Overview

Study of Camrelizumab in Combination With Neoadjuvant Chemotherapy in the Treatment of Osteosarcoma

Status:
Recruiting
Trial end date:
2023-09-16
Target enrollment:
0
Participant gender:
All
Summary
This study is a open-lable, , single center, phase II clinical study. Target population is patients with locally resectable osteosarcoma. Study objective is to compare the efficacy and safety of camrelizumab in combination with adriamycin, cisplatin, ifosfamide and methotrexate in study population in China. Camrelizumab is a humanized anti-PD1 IgG4 monoclonal antibody.
Phase:
Phase 2
Accepts Healthy Volunteers?
No
Details
Lead Sponsor:
Sun Yat-sen University
Collaborator:
Jiangsu HengRui Medicine Co., Ltd.
Treatments:
Ifosfamide
Immune Checkpoint Inhibitors
Criteria
Inclusion Criteria:

1. Age 14 to 65 year old

2. Eastern Cooperative Oncology Group performance status 0-1

3. Histopathologically diagnosed osteosarcomas (except for paraspesarcomas ), have been
evaluated in patients have achieved normative resection with neoadjuvant chemotherapy

4. Having measurable lesion according to RECIST 1.1

5. Life expectancy >3 months

6. Patients must have adequate organ function

7. Fertile men and women of childbearing potential must agree to use an effective method
of birth control from providing signed consent and for 120 days after last study drug
administration. Women of childbearing potential must have a negative pregnancy test ≤
72 hours prior to Day 1 of study

8. Voluntary informed consent , joining the study with good compliance

Exclusion Criteria:

1. pregnant or lactating women

2. Known history of hypersensitivity to any components of the camrelizumab formulation,
or other antibody formulation.

3. Active central nervous system (CNS) metastases with clinical symptoms , including
cerebral edema, steroid requirement, or progressive disease.

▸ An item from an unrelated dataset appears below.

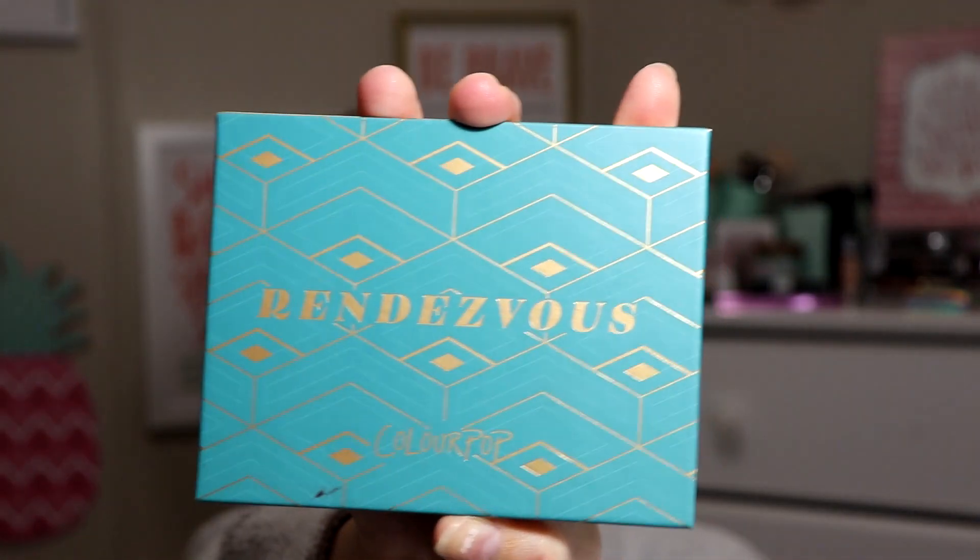It's Jessi Lynn Simonville Kane and welcome to my channel. If you're new here go ahead and click that subscribe button and the bell. We're just going to get started with today's video. As you can tell by the title, I'm going to be doing an eye look with the Colourpop Rendezvous palette — I saw this on Ulta and I just had to get it.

4. Patients with other malignant tumor within 5 years , except cured skin basal cell
carcinoma, cervical carcinoma and Papillary carcinoma of thyroid.

5. Clinically significant cardiovascular diseases

6. Patients have had prior treatment with PD-1/PD-L1 or CTLA-4 antagonists.Received any
study drug within 4 weeks prior to the first study drug administration. Enroll in
another clinical study, unless it is an observational (non-interventional) clinical
study or an intervention follow-up study. Concurrent medical condition requiring the
use of immunosuppressive medications, or immunosuppressive doses of systemic or
absorbable topical corticosteroids. Doses > 10 mg/day prednisone or equivalent are
prohibited within 2 weeks before study drug administration. Note: corticosteroids used
for the allergy and nausea, vomiting are allowed. Inhaled or topical use of steroids
and adrenocorticosteroid replacement in doses greater than 10mg/ day is permitted in
the absence of active autoimmune disease.Patients who have received a live vaccine
within 30 days prior to the first study drug administration.Major surgery or major
trauma within 4 weeks of first study drug administration. Left ventricular ejection
fraction (LVEF) is more than 60% .

(7)Severe infection occurred within 4 weeks before the first first study drug
administration (CTC AE > grade 2) (8)Patients with any active autoimmune disease or history
of autoimmune disease, including but not limited to the following: hepatitis, pneumonitis,
uveitis, colitis (inflammatory bowel disease), hypophysitis, vasculitis, nephritis,
hyperthyroidism, and hypothyroidism except for subjects with vitiligo or resolved childhood
asthma/atopy. Asthma that requires intermittent use of bronchodilators or other medical
intervention should also be excluded. Stable dose of insulin for type 1 diabetes.

(9)History of immunodeficiency including seropositivity for human immunodeficiency virus
(HIV), or other acquired or congenital immune-deficient disease, or organ transplantation
and bone marrow transplantation.

(10)Objective evidence of previous or current pulmonary fibrosis history, interstitial
pneumonia, pneumoconiosis, radiation pneumonitis, drug-related pneumonia, pulmonary
function damaged seriously etc.

(11)History of active pulmonary tuberculosis infection, or with a history of active
pulmonary tuberculosis infection within 1 year prior to enrollment, or with a history of
active pulmonary tuberculosis infection prior to 1 year but without formal treatment.

(12)Active hepatitis (transaminase does not meet the inclusion, hepatitis B virus (HBV) DNA
≥10⁴ /ml or hepatitis C virus (HCV) RNA≥103 /ml or higher); Chronic hepatitis B virus
carriers who HBV DNA<2000 IU/ml(<104/ml), must receive anti-viral treatment throughout the
study.

(13)Known history of psychotropic substance abuse, alcohol abuse and drug abuse.

(14)The investigators did not think the participants were suitable for inclusion.